Revised Standard Version

10 Jacob left Beer-sheba, and went toward Haran. 11And he came to a certain place, and stayed there that night, because the sun had set. Taking one of the stones of the place, he put it under his head and lay down in that place to sleep. 12And he dreamed that there was a ladder set up on the earth, and the top of it reached to heaven; and behold, the angels of God were ascending and descending on it! 13And behold, the Lord stood above it and said, “I am the Lord, the God of Abraham your father and the God of Isaac; the land on which you lie I will give to you and to your descendants; 14and your descendants shall be like the dust of the earth, and you shall spread abroad to the west and to the east and to the north and to the south; and by you and your descendants shall all the families of the earth bless themselves. 15Behold, I am with you and will keep you wherever you go, and will bring you back to this land; for I will not leave you until I have done that of which I have spoken to you.” 16Then Jacob awoke from his sleep and said, “Surely the Lord is in this place; and I did not know it.” 17And he was afraid, and said, “How awesome is this place! This is none other than the house of God, and this is the gate of heaven.”

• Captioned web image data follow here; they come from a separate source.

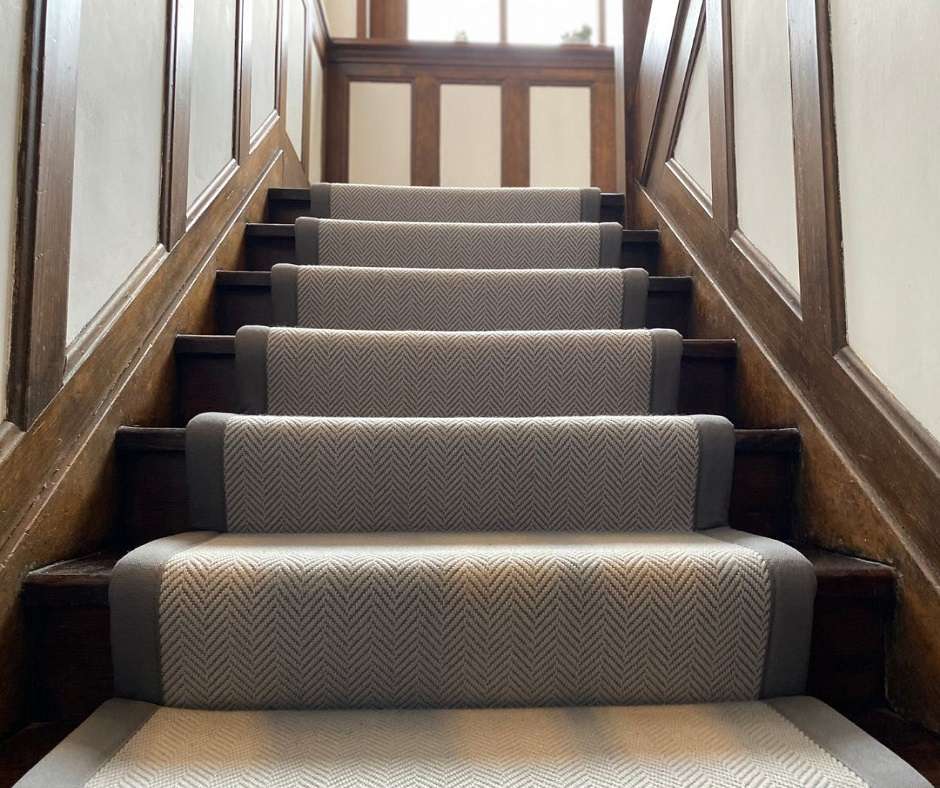 Interior design of a carpeted staircase with wood handrails. The carpet is a light gray herringbone pattern with a solid gray border.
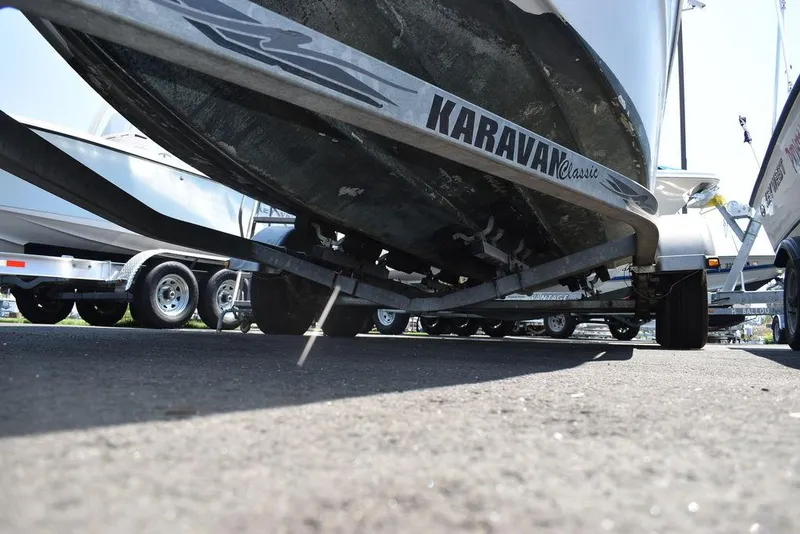 Slide: The Image of 1991 Sea Sprite 225 boat on Karavan trailer, close-up view from underneath. - 33
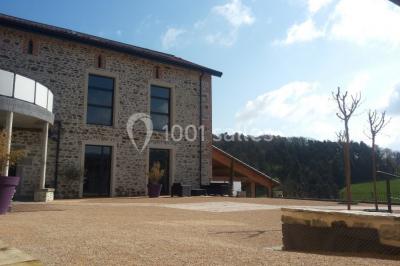 Façade en pierre d'une maison rénovée avec terrasse, grandes fenêtres et espace extérieur gravillonné.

18 So Jacob rose early in the morning, and he took the stone which he had put under his head and set it up for a pillar and poured oil on the top of it. 19He called the name of that place Bethel; but the name of the city was Luz at the first. 20Then Jacob made a vow, saying, “If God will be with me, and will keep me in this way that I go, and will give me bread to eat and clothing to wear, 21so that I come again to my father’s house in peace, then the Lord shall be my God, 22and this stone, which I have set up for a pillar, shall be God’s house; and of all that thou givest me I will give the tenth to thee.”